------ RECORDED DATA ------
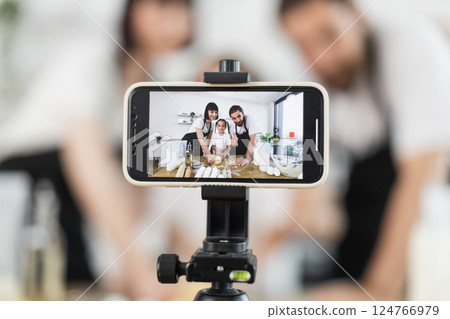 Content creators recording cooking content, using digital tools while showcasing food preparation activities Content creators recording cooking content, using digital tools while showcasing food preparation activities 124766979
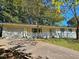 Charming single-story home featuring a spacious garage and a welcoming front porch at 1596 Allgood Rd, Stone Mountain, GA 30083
------
------ RECORDED DATA ------
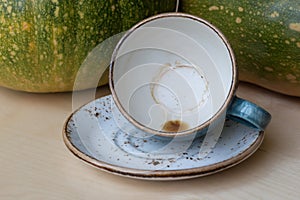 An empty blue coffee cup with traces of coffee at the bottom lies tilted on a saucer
------
#### INSTRUCTIONS TO FOLLOW:
Pictures do not belong in the answer. Return the lines above starting at the one with "preparation activities 124766979" and ending at the one with "Charming single-story home", both kept, exactly.

#### RESPONSE:
 Content creators recording cooking content, using digital tools while showcasing food preparation activities Content creators recording cooking content, using digital tools while showcasing food preparation activities 124766979
 Charming single-story home featuring a spacious garage and a welcoming front porch at 1596 Allgood Rd, Stone Mountain, GA 30083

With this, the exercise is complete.